DIRECTIONS FOR THIS TASK: Everything in the data below is left aside except the lines from the one containing "Renault Kadjar 1.2" through the one containing "Rund 80 Feuerwehr-Kräfte"; repeat those exactly.

********

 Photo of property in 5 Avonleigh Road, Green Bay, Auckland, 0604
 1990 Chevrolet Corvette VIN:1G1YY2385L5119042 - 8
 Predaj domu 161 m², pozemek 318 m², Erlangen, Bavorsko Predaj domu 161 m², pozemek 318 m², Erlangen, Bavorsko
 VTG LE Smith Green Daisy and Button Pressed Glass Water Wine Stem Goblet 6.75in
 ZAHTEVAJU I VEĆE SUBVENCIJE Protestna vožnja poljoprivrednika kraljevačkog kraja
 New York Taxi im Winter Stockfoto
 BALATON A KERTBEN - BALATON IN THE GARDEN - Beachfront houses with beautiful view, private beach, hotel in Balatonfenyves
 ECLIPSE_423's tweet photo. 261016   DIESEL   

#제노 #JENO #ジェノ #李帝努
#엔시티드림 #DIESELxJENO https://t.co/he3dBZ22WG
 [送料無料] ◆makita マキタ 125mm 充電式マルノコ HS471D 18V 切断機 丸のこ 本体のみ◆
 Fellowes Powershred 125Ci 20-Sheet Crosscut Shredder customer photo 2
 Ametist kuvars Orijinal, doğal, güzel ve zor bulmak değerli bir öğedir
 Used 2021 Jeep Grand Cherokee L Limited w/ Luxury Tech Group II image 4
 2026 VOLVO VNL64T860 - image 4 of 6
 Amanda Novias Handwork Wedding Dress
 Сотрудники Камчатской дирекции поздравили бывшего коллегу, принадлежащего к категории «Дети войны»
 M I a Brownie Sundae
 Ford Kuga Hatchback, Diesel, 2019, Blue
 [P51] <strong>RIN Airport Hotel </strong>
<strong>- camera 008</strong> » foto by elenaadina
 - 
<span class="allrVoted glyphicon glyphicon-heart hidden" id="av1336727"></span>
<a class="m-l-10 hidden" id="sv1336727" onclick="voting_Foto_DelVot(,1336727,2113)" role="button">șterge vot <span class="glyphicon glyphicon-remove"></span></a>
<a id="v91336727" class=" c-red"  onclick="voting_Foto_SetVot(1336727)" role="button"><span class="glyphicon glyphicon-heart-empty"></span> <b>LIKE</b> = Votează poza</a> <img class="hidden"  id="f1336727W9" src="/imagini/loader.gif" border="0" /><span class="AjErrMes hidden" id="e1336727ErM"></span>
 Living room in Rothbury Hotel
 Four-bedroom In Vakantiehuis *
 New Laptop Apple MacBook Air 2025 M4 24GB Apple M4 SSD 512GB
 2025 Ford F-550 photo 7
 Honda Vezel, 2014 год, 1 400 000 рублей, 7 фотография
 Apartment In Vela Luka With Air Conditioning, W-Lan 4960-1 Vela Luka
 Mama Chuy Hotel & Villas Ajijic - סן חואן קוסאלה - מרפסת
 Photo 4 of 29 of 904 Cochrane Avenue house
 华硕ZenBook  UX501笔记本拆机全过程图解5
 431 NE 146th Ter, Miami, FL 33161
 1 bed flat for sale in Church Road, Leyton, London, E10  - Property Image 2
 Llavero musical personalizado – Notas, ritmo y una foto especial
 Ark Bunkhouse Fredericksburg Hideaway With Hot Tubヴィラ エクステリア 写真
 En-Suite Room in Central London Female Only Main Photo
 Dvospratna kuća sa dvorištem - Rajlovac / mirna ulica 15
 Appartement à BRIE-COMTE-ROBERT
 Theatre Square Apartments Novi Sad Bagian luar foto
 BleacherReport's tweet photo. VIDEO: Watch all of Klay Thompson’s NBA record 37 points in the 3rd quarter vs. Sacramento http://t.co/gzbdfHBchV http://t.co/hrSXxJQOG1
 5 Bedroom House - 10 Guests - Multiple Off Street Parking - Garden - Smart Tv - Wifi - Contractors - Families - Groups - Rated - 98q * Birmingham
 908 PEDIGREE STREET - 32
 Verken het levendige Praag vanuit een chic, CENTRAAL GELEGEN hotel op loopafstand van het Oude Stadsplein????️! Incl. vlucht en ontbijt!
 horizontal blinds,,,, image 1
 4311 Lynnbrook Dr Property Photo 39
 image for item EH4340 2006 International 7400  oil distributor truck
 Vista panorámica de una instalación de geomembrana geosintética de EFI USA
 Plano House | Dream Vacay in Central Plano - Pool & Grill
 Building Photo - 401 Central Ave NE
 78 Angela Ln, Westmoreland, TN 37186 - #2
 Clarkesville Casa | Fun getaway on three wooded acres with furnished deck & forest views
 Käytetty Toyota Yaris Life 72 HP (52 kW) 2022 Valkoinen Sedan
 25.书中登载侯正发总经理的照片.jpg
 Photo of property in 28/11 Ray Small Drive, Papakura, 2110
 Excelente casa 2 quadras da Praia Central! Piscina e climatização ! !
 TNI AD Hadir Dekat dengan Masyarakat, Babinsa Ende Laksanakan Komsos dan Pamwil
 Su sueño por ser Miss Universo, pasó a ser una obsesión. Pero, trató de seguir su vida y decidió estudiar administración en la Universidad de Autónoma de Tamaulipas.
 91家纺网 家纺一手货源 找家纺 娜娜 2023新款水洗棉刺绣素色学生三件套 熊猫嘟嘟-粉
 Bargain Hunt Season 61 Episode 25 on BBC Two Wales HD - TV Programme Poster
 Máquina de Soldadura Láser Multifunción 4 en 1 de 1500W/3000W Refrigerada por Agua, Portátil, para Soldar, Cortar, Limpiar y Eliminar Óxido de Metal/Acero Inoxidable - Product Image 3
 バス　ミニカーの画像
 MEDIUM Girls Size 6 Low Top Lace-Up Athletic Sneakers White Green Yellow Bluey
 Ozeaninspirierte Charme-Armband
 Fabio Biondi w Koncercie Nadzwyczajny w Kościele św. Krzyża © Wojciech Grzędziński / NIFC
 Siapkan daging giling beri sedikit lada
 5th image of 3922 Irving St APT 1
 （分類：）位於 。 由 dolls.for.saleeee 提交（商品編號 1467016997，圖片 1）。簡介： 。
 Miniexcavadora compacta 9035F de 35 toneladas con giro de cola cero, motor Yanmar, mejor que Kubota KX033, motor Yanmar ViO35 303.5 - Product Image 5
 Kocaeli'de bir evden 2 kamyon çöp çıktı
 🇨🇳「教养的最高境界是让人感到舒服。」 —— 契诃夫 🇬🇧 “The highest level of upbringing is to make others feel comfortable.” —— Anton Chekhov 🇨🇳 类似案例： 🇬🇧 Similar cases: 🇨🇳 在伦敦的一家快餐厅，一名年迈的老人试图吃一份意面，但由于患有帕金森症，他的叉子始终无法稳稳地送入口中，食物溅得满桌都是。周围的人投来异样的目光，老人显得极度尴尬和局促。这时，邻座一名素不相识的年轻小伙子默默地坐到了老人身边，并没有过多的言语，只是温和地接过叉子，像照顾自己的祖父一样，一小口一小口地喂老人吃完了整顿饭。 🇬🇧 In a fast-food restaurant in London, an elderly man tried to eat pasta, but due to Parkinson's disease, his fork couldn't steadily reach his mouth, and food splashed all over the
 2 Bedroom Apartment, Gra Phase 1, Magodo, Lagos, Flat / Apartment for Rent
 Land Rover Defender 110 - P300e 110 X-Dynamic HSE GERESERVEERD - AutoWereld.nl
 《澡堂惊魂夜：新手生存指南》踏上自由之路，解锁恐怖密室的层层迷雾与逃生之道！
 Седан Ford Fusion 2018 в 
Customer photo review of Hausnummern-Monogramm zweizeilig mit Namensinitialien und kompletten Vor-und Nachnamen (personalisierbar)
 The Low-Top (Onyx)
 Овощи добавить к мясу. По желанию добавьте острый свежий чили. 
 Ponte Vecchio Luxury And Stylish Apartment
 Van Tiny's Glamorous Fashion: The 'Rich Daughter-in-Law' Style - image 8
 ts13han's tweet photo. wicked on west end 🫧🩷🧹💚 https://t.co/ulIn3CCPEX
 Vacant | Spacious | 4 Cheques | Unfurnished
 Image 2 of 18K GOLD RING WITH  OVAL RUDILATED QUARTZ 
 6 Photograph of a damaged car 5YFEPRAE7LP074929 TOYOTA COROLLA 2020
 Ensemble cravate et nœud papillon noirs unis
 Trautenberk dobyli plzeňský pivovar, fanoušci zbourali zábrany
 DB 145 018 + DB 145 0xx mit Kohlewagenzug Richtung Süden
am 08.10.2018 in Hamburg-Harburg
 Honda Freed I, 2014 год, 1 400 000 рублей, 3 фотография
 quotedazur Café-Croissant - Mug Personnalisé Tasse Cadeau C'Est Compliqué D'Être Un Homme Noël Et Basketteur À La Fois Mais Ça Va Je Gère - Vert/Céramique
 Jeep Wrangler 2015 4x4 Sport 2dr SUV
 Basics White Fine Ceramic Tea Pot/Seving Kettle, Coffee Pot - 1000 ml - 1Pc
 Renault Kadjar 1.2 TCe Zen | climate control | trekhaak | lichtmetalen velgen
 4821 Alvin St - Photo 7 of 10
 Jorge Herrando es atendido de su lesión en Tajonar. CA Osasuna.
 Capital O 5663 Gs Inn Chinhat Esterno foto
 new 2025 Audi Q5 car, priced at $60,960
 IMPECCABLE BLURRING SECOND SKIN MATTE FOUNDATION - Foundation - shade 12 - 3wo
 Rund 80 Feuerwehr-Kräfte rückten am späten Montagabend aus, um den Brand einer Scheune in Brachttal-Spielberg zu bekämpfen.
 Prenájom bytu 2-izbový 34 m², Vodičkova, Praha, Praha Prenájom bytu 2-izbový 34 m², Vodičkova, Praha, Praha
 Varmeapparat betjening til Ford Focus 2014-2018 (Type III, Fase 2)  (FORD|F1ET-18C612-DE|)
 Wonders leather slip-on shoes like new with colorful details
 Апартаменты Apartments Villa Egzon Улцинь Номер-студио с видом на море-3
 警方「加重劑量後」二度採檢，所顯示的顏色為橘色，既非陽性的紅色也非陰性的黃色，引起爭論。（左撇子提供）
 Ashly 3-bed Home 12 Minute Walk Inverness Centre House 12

********

RESULT FOR THIS EXERCISE:
 Renault Kadjar 1.2 TCe Zen | climate control | trekhaak | lichtmetalen velgen
 4821 Alvin St - Photo 7 of 10
 Jorge Herrando es atendido de su lesión en Tajonar. CA Osasuna.
 Capital O 5663 Gs Inn Chinhat Esterno foto
 new 2025 Audi Q5 car, priced at $60,960
 IMPECCABLE BLURRING SECOND SKIN MATTE FOUNDATION - Foundation - shade 12 - 3wo
 Rund 80 Feuerwehr-Kräfte rückten am späten Montagabend aus, um den Brand einer Scheune in Brachttal-Spielberg zu bekämpfen.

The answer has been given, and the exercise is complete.